For those of you that have pets, I am sure some of you may be able to relate to having a spoiled dog. Glitzy is on the outer rim of spoiled, I love Glitzy and wouldn’t have it any other way.

Her latest antics are pretty fun and worth a story.

This will help set the stage for her latest thing knowing a little story of how she communicates with me.

One night a couple of years ago Glitzy would come to me while I was on the couch and bark at me. She had food, water, bones, and everything to make a princess dog a princess dog. She just wouldn’t stop barking at me. dog, pet, Glitzy

I got up looking around talking to her “what do you want?” When I walked by the bedroom door, she walked in and jumped on the bed. Now, I figured out what she wanted it was time to go to bed. So every night since that night around 9:00 PM she will come to me and bark because it’s time for bed.

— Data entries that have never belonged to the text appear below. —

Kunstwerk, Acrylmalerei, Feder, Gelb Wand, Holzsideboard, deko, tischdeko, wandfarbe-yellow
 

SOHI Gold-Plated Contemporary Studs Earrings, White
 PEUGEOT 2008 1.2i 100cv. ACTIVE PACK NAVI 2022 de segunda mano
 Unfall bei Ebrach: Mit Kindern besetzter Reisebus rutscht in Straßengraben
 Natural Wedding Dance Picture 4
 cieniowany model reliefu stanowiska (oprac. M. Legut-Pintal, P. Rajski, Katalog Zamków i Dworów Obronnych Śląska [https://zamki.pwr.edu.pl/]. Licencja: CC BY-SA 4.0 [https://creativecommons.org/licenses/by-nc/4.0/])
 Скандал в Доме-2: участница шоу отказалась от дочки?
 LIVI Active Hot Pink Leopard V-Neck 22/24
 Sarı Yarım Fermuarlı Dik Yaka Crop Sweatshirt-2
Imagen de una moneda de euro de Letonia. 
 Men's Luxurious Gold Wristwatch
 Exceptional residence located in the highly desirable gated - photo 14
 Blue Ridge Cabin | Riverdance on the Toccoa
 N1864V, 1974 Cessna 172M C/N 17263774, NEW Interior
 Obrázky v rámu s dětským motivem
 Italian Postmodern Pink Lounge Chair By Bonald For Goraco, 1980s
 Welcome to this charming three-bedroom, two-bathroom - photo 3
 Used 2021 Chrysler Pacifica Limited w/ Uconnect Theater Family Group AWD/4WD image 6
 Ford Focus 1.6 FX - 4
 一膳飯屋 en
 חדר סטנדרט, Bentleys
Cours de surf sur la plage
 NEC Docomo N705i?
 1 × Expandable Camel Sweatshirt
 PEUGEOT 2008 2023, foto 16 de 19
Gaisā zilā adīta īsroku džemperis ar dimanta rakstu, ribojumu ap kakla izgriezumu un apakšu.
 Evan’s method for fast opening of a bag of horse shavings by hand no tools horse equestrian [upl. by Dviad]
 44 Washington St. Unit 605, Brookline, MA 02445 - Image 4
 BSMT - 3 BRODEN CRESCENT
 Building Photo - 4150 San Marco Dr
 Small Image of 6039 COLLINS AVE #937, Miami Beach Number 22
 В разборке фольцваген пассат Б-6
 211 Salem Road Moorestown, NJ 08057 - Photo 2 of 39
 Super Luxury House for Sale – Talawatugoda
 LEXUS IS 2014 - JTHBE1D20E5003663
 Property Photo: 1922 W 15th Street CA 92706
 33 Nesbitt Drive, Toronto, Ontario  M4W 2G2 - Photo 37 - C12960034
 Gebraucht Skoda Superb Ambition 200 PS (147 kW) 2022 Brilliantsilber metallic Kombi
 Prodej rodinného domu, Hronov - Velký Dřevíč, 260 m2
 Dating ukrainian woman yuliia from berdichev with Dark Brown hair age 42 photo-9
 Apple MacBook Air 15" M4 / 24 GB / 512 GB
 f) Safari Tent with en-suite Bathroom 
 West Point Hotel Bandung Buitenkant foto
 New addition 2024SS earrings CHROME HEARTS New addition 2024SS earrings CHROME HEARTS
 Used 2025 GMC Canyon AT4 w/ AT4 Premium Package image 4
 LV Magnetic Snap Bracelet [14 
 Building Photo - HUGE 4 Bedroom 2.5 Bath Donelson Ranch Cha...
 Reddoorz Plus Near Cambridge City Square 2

If I obey her the barking stops, if I don’t it only gets worse!

So what is Glitzy’s new command for me you might ask???

For the last two nights, she wakes up. When she wants me to get up, she puts her front paws on me and pushes. Now she doubles that with her bossy bark.

So while trying to translate her bark into what the heck she wants. I am looking for her bone, doesn’t want that. Looking around the bed to see if I can see what she wants, I turn over and move the opposite direction of where I was laying, she, in turn, jumps over me and puts her paw to indicate covers please (she also has a command for sheets).

She decided I needed to roll over the other way so she could move to a new spot and have me so she could cuddle up next to me to go back to sleep under the covers.

OMG, spoiled! 

So now when Glitzy wants a new spot, she barks at me to move into a new position so she might be comfortable.